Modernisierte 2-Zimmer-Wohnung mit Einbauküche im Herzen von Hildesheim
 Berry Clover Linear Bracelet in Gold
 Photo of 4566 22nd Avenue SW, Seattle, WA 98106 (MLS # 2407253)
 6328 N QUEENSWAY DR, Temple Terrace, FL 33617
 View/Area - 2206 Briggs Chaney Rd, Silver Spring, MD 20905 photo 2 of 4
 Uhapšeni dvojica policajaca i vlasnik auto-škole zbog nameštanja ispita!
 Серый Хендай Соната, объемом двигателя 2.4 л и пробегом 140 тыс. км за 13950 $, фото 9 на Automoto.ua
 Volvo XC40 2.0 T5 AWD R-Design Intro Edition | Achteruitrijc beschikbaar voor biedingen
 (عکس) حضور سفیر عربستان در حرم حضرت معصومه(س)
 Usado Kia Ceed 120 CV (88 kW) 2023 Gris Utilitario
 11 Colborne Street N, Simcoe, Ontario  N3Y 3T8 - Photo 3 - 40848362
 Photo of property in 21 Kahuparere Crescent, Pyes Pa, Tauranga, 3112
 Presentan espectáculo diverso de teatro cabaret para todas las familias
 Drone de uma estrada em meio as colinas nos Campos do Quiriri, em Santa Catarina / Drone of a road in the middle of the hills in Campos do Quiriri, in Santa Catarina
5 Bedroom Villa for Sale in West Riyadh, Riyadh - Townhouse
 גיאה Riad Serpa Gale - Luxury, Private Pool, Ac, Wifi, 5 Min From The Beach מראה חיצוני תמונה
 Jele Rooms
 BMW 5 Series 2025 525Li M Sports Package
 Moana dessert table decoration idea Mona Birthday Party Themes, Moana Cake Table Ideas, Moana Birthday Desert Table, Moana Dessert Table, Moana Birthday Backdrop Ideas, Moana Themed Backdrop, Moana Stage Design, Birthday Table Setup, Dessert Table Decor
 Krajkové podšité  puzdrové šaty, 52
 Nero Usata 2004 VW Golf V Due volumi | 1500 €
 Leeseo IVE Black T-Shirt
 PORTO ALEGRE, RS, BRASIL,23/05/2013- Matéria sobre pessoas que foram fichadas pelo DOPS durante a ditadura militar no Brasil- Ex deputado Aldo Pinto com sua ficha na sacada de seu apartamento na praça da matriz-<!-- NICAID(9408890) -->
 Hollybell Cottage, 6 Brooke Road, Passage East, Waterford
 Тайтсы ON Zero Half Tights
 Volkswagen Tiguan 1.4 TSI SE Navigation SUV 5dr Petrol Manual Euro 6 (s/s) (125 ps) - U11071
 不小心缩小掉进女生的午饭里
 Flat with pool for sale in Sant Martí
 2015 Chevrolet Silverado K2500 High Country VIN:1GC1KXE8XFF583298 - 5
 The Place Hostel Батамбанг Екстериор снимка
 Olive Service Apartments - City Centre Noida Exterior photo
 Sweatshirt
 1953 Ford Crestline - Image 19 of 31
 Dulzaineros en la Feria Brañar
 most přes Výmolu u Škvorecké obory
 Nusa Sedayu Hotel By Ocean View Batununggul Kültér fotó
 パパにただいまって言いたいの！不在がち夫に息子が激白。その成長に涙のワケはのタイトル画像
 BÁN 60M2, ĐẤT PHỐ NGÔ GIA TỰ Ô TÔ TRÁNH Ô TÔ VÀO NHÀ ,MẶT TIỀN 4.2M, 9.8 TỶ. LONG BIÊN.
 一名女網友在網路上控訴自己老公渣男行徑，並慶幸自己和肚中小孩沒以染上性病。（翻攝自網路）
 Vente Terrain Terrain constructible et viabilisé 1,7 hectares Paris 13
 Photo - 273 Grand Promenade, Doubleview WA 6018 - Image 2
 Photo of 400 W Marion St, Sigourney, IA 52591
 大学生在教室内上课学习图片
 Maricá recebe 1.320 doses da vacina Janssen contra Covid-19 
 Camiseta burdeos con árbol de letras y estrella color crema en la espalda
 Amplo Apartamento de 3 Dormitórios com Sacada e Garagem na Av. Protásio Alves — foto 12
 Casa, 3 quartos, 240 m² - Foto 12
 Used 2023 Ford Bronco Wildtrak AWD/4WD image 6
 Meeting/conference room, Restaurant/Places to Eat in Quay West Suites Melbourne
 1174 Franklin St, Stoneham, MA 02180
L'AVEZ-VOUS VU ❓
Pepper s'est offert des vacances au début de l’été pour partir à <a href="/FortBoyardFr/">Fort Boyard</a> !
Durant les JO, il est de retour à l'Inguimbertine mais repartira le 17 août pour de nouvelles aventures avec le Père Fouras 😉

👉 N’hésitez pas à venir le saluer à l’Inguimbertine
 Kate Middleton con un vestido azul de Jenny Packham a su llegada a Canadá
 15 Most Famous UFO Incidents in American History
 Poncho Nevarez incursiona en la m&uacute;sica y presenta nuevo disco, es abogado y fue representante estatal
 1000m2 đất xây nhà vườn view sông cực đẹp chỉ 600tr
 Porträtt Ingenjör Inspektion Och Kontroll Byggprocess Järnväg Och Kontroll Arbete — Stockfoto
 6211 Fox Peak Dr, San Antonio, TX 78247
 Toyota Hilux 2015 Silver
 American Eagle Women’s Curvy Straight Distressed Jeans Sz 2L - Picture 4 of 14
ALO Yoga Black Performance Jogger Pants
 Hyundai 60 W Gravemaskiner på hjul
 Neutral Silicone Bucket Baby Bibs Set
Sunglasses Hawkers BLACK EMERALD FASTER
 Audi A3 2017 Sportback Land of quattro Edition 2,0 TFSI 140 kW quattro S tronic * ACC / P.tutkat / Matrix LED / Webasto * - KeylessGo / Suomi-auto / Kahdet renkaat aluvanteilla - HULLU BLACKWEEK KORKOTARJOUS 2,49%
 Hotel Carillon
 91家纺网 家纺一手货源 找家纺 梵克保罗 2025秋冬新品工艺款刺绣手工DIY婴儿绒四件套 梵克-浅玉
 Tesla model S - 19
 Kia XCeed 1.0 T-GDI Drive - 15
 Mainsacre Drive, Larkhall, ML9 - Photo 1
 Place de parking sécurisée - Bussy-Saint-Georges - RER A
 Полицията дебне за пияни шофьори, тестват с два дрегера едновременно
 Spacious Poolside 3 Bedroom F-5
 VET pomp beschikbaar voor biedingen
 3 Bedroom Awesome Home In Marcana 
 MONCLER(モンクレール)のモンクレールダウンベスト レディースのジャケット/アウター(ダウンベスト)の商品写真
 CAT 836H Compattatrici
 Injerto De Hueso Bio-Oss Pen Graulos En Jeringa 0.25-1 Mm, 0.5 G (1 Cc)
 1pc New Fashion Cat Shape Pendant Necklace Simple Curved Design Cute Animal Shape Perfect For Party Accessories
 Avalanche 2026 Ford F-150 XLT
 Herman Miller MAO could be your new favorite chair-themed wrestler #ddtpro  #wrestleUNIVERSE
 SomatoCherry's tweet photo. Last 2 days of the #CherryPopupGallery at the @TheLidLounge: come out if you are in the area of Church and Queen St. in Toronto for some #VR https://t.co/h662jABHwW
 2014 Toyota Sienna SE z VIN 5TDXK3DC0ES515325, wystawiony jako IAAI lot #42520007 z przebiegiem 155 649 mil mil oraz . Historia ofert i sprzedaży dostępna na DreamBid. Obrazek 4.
* * * * * * *
▶ WHAT TO WORK ON:
Return exactly the leading lines of the listing, stopping after the line in which "Uhapšeni dvojica policajaca" occurs.

▶ RESPONSE BOX:
Modernisierte 2-Zimmer-Wohnung mit Einbauküche im Herzen von Hildesheim
 Berry Clover Linear Bracelet in Gold
 Photo of 4566 22nd Avenue SW, Seattle, WA 98106 (MLS # 2407253)
 6328 N QUEENSWAY DR, Temple Terrace, FL 33617
 View/Area - 2206 Briggs Chaney Rd, Silver Spring, MD 20905 photo 2 of 4
 Uhapšeni dvojica policajaca i vlasnik auto-škole zbog nameštanja ispita!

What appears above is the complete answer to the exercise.